Today, John Kerry is set to sign the UN treaty on guns , but neither he nor President Obama can enact a single provision of that treaty without consent of the senate and legislation passed by both houses of congress and a constitutional amendment. And since the senate would need 67 votes in order to ratify the treaty, it appears to be all but dead in the water.
Before the law can go into effect, the senate would need to ratify the treaty with 67 votes. Some of the provisions, would need legislation passed in order to control the sales and importation of the guns. The House would find that unjustified and the democrats would need to take back control of the house in 2014 to even make it possible.
But more importantly, it would take a constitutional amendment, passed by 67% in each chamber of congress, then ratified by 34 states, a seemingly impossibility. Since the 2nd amendment gives citizens the right to own and carry arms, only a constitutional amendment could alter that right. And in fact, even if the senate would consent to the treaty, the Supreme Court would be obliged to throw it out on constitutional grounds.

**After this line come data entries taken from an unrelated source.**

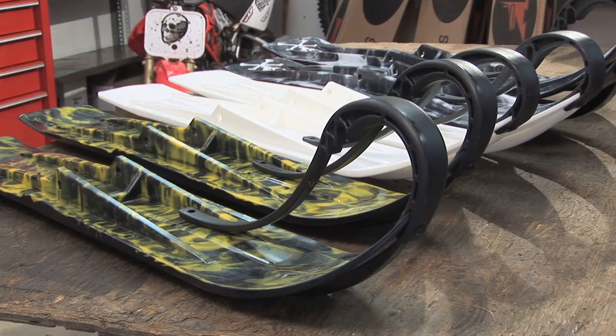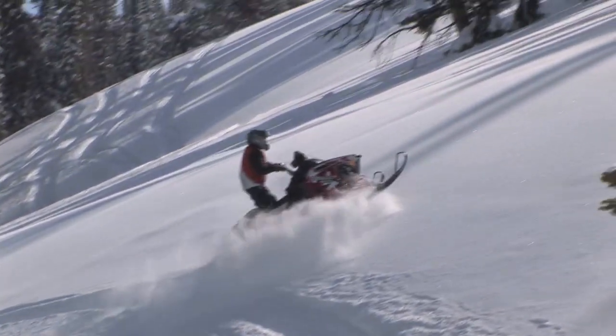A great upgrade to your sled from an old steel ski or a worn out plastic ski is to get into a set of Sly Dogs. Sly Dog has a complete wide variety of a 6 inch, a 7 inch, and a brand new 8 inch wide ski. The 8 inch being the extreme option for those real extreme mountain guys or backcountry guys that want to ride in that deep powder.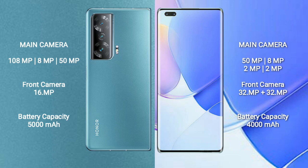The Honor Magic V2 has a 5000mAh battery with 66W fast charging support. The Huawei Nova 9 Pro has a 4000mAh battery with 100W fast charging support.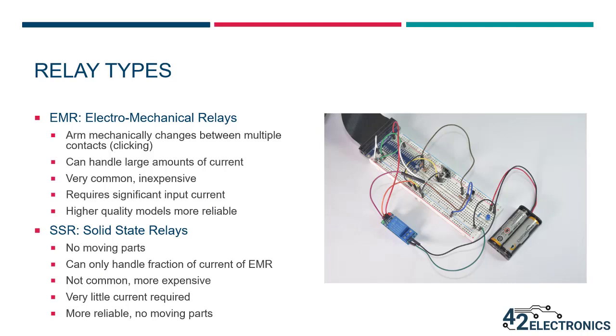The relay we looked at previously is called an EMR, or electromechanical relay, because it contains an arm that mechanically changes positions between multiple contacts. You'll usually hear a loud click when an EMR is activated — you've probably heard this click from the thermostat in your house. The other type is called an SSR, or solid state relay. It has no moving parts; switching on and off is possible due to the electrical properties of the chemicals used inside the relay. Since there are no moving parts inside an SSR, there will be no clicking sound when it switches states.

Addressing these various arguments against the UN treaty, Sen Bob Corker, R-Tenn, wrote a letter to President Obama, advising him not to try to impliment any part of the treaty without senatorial consent. He also noted the need to change US, which requires a vote by both chambers. Here is his letter:
Dear President Obama,
It is my understanding that Secretary of State John Kerry will sign the United Nations Arms Trade Treaty (ATT) on behalf of the United States. The ATT raises significant legislative and constitutional questions. Any act to implement this treaty, provisionally or otherwise, before the Congress provides its advice and consent would be inconsistent with the United States Constitution, law, and practice.

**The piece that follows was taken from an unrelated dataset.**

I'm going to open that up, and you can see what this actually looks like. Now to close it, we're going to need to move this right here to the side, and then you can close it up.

As you know, Article II, Section 2 of the United States Constitution requires the United States Senate to provide its advice and consent before a treaty becomes binding under United States law. The Senate has not yet provided its advice and consent, and may not provide such consent. As a result, the Executive Branch is not authorized to take any steps to implement the treaty.

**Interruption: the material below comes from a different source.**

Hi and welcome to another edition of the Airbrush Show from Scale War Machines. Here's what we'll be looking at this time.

Moreover, even after the Senate provides its advice and consent, certain treaties require changes to United States law in the form of legislation passed by both the House and Senate. The ATT is such a treaty. Various provisions of the ATT, including but not limited to those related to the regulation of imports and trade in conventional arms, require such implementing legislation and relate to matters exclusively reserved to Congress under our Constitution.
Because of the concerns discussed above, as well as the fundamental issues the ATT raises with respect to the individual rights protected by the Second Amendment of the United States Constitution, as the Ranking Member of the Senate Foreign Relations Committee, it is my view that you may not take any executive action to implement this treaty, provisionally or otherwise, unless and until: (1) the United States Senate has provided its constitutionally required advice and consent to its ratification; and (2) the Congress has passed any and all required legislation to bring this treaty into effect under United States domestic law.